|Girls attend the foundation day celebration at Nalanda Medical College on Monday. Picture by Sachin
A national conference on aquatic ecosystems and their management was inaugurated at Birla Institute of Technology, Patna, on Friday. Inaugurating the event, Janak Pandey, the first vice-chancellor of Central University of Bihar, stressed on the need for water conservation.
The three-day event — Aquatic ecosystems and their management: recent trends and future perspectives — was organised by the Centre for Environmental Sciences, Central University of Bihar.
Pandey said: “With changes in the climatic condition and depletion of the water table, it is high time we focus on water conservation.”
Debdas Banerjee, vice-chancellor, Central University of Bihar, presented a global view on water and governance.
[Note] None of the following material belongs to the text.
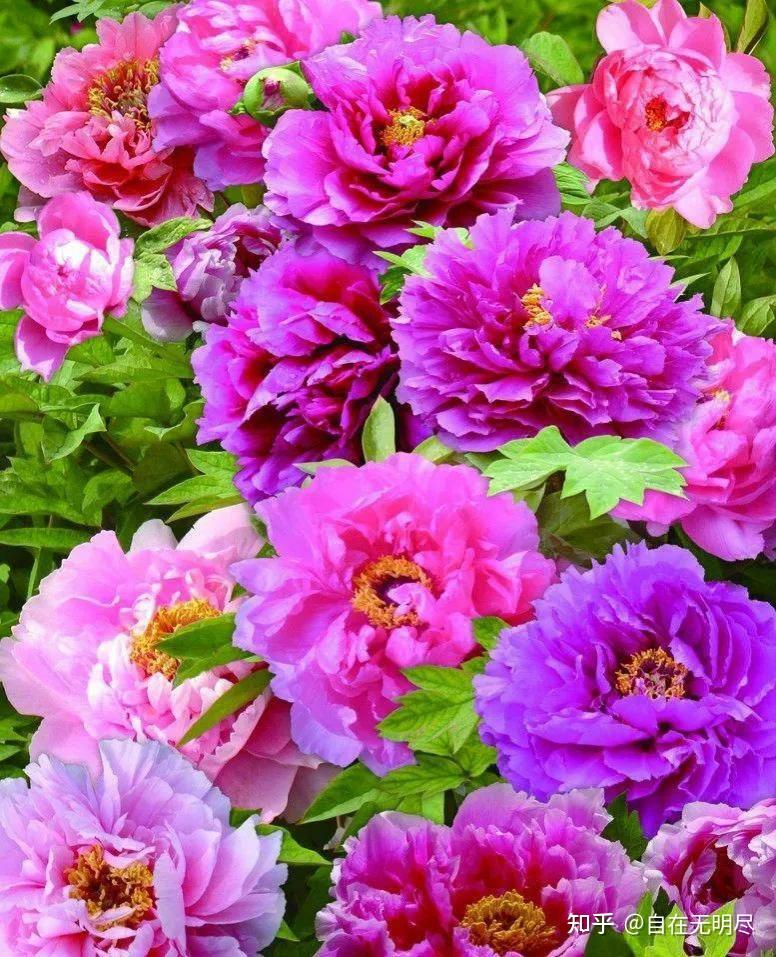 如梦令61金谷牡丹引凤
He claimed that the state and central governments should work together on programmes to conserve water.
The first day of the conference saw several delegates from Tamil Nadu, Kerala, Maharashtra, Bengal, Madhya Pradesh and other states in attendance. Among the delegates were researchers, forest officers and activists working towards wetland conservation.
Convener Ram Kumar, head of department, Centre for Environmental Sciences, welcomed the guests and elaborated on the scientific and technical sessions to be addressed by the speakers.
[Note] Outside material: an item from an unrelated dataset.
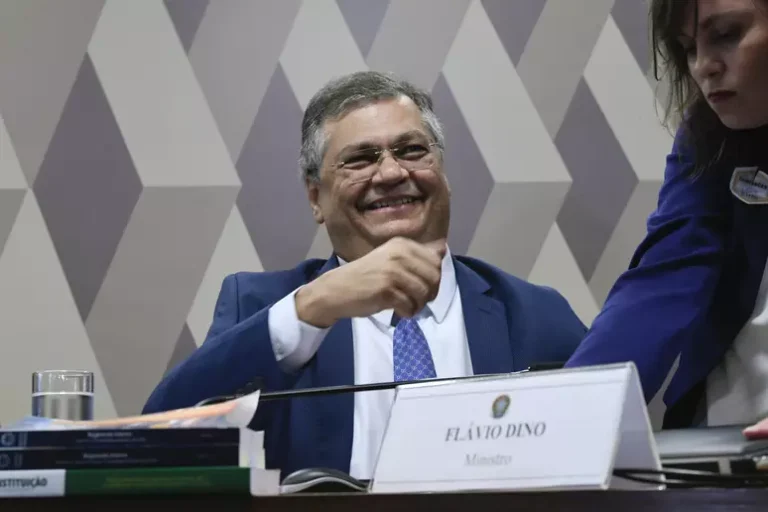 Plenário do Senado aprova indicação de Flávio Dino ao STF (Foto: Edilson Rodrigues/Agência Senado)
Dr Arvind Jha, an Indian Forest Service Officer from Maharashtra, explained the role of the mangrove ecosystem — made of water, muddy soil, shrubs, trees — and its management.
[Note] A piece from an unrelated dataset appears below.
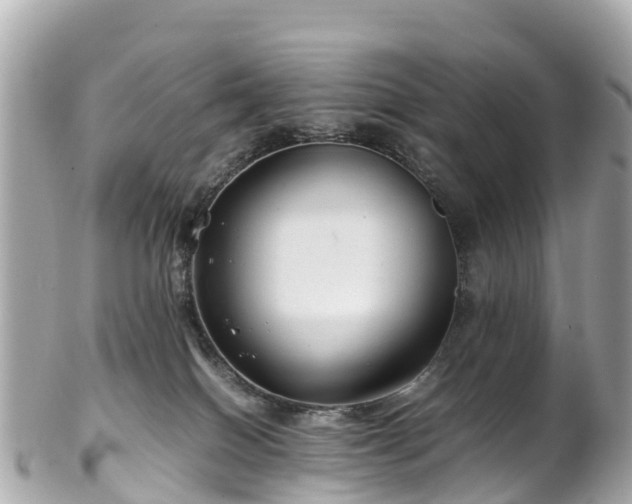 X0000102510086200808151557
Wildlife biologist Faiyaz A. Khudsar elaborated on the role of ecology in the restoration of wastelands and flood plains. He discussed the restoration of the flood plain of the Yamuna in Delhi to the Yamuna Biodiversity Park as an example of success of restoration ecology.
Jeevatva, the three-day fest of Chanakya National Law University, was an action-packed event to remember.
It started on March 22 with a fashion show where girls walked the ramp in flowing Anarkalis and gorgeous saris. Games, skits, dance and singing performances, including hip-hop, were among the other features of the annual event.
The second day, a Calcutta-based rock band performed songs like Sweet Child O’ Mine (Guns N’ Roses), Dil se (from the 1998 film by the same name) and Teri Deewani (Kailash Kher).
A model United Nations debate was also organised on the second day.
Held in the memory of Late Shailesh Chandra Mishra, the husband of Justice Mridula Mishra, (the chairperson of Bihar Land Tribunal), 30 teams participated in the debate. Teams had come from Indian Institute of Technology, Kharagpur, Hidayatullah National Law University, Raipur, and KIIT Odisha.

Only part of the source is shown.